The website is "https://www.nseindia.com/companies-listing/corporate-filings-announcements". A friend sent me the underlying link to downloads data between some dates as csv file as "https://www.nseindia.com/api/corporate-announcements?index=equities&from_date=14-01-2022&to_date=20-01-2022&csv=true\27" This link works fine in a web browser First If some one can educate how he got this link or rather how I can get this link. second I am unable to read the csv file to a data frame from this link in python. May be some issues with ' or something else. code is

csv_url='https://www.nseindia.com/api/corporate-announcements?index=equities&from_date=14-01-2022&to_date=15-01-2022&csv=true''
df = pd.read_csv(csv_url)
print(df.head())

CodePudding user response：

use wget.py
DATA_URL = 'http://www.robots.ox.ac.uk/~ankush/data.tar.gz'

DATA_URL = '/home/xxx/book/data.tar.gz'

out_fname = 'abc.tar.gz'

wget.download(DATA_URL, out=out_fname)

CodePudding user response：

Okay so for this issue, first you need to request the NSE website with headers as mentioned in this post and then once you hit the main website, you get some cookies in your session, using which you can hit your desired url. To convert that url data to pandas compatible string, I followed this answer.

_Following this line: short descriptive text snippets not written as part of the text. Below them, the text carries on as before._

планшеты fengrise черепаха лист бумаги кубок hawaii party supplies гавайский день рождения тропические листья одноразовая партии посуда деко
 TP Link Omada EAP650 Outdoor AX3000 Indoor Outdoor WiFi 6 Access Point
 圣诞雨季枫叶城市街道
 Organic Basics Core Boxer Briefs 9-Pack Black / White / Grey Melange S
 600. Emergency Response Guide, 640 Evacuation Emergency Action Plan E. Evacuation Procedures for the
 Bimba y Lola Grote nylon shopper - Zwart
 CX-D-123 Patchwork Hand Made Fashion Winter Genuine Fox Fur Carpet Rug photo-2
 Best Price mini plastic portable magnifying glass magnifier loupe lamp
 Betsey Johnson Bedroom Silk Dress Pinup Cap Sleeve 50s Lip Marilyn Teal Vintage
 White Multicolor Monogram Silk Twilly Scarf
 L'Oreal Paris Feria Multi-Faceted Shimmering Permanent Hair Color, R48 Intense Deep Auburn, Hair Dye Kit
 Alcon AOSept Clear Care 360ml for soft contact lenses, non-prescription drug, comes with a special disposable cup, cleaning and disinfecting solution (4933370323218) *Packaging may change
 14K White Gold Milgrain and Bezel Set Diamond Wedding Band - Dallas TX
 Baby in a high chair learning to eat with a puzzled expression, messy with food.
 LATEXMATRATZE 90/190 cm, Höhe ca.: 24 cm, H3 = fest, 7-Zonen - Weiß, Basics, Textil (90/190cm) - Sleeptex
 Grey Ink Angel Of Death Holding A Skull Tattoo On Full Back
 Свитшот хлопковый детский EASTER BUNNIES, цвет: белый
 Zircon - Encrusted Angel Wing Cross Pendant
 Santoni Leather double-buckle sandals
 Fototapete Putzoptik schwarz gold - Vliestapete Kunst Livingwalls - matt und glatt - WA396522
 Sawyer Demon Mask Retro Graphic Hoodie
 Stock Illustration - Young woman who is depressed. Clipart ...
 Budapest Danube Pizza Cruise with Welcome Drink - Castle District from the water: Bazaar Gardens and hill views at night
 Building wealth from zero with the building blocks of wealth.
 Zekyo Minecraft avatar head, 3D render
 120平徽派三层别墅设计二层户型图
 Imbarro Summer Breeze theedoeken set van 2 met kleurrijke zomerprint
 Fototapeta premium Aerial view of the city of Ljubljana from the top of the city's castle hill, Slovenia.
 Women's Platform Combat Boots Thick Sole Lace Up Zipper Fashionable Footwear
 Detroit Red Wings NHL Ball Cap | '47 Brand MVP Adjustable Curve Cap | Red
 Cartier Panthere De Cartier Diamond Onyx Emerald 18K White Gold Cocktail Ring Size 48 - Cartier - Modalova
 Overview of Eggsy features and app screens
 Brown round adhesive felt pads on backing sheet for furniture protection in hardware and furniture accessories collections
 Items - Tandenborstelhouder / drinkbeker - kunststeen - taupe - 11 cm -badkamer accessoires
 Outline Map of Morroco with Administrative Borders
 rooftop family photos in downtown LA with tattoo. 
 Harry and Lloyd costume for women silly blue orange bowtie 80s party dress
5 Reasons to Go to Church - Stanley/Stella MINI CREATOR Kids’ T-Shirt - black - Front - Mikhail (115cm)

Make sure to have the custom user agent in the header else it will fail.

import pandas as pd
import io
import requests

base_url = 'https://www.nseindia.com'
session = requests.Session()
headers = {
    'user-agent': 'Mozilla/5.0 (Windows NT 10.0; Win64; x64) AppleWebKit/537.36 (KHTML, '
                         'like Gecko) '
                         'Chrome/80.0.3987.149 Safari/537.36',
    'accept-language': 'en,gu;q=0.9,hi;q=0.8',
    'accept-encoding': 'gzip, deflate, br'}

r = session.get(url, headers=headers, timeout=5)
cookies = dict(r.cookies)
response = session.get('https://www.nseindia.com/api/corporate-announcements?index=equities&from_date=14-01-2022&to_date=20-01-2022&csv=true', timeout=5, headers=headers)

content = response.content
df=pd.read_csv(io.StringIO(content.decode('utf-8')))
print(df.head())